◆ Your goal
Give again, exactly and only, the lines running from the one with "26 Inch Elegant" to the end of the material below; leave out pictures.

◆ Data section
☆ ☆ ☆

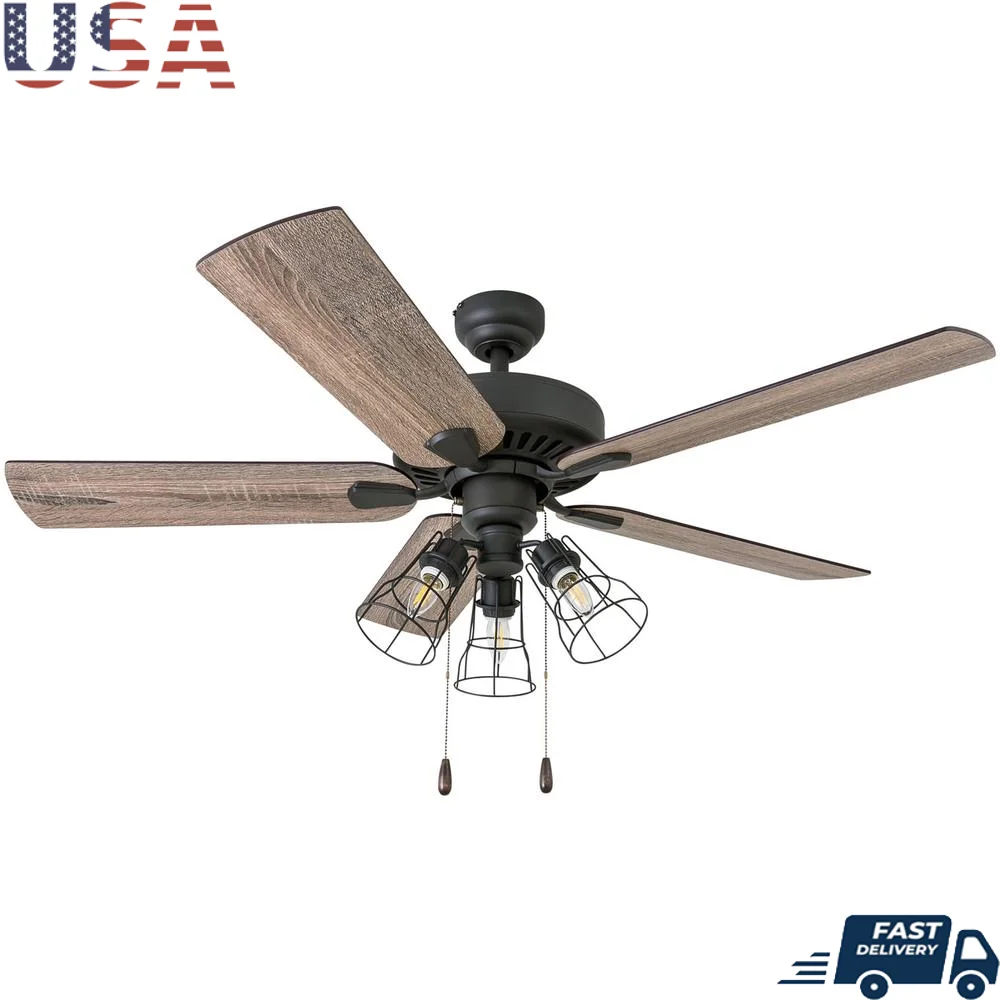 

52 дюймаBronzeCeilingFan5Blades3ArmCageLightKitPullChainsReversibleMotorQuietOperationHighAirFlowВнутреннее освещениеHomeDecor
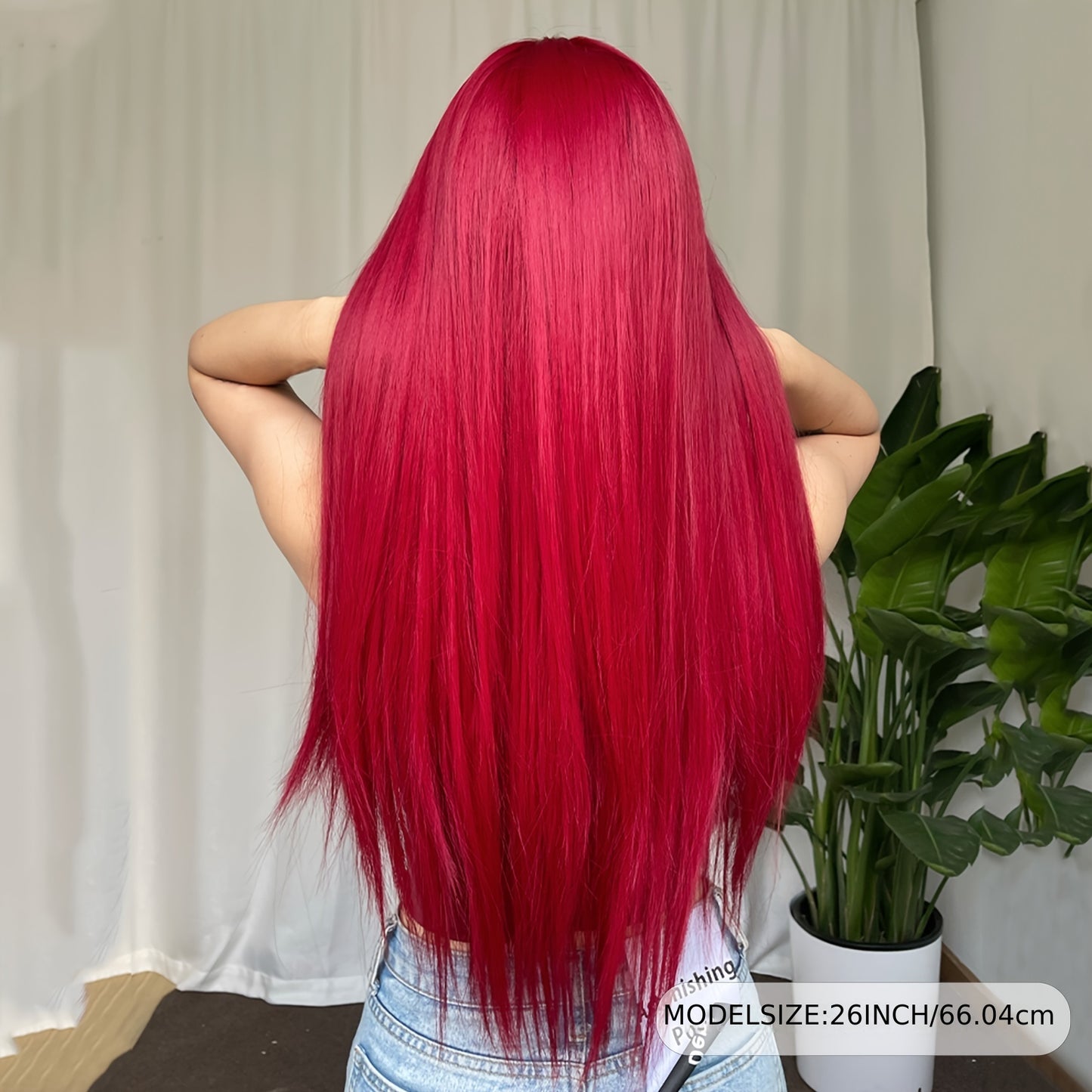 26 Inch Elegant Red Wig with Bangs for Women, Straight Heat Resistant Synthetic Hair, High Temperature Fiber, Rose Net Cap, Fashionable Long Wig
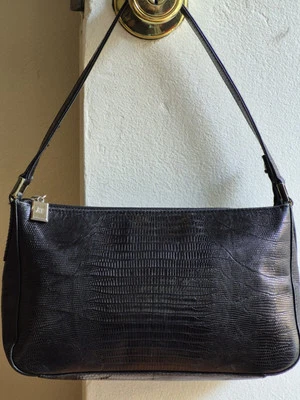 Cartera de hombro vintage Ann Taylor de cuero negro con asa superior de cocodrilo para mujer  Foto 1 de 4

☆ ☆ ☆

◆ Solution to the exercise
 26 Inch Elegant Red Wig with Bangs for Women, Straight Heat Resistant Synthetic Hair, High Temperature Fiber, Rose Net Cap, Fashionable Long Wig
 Cartera de hombro vintage Ann Taylor de cuero negro con asa superior de cocodrilo para mujer  Foto 1 de 4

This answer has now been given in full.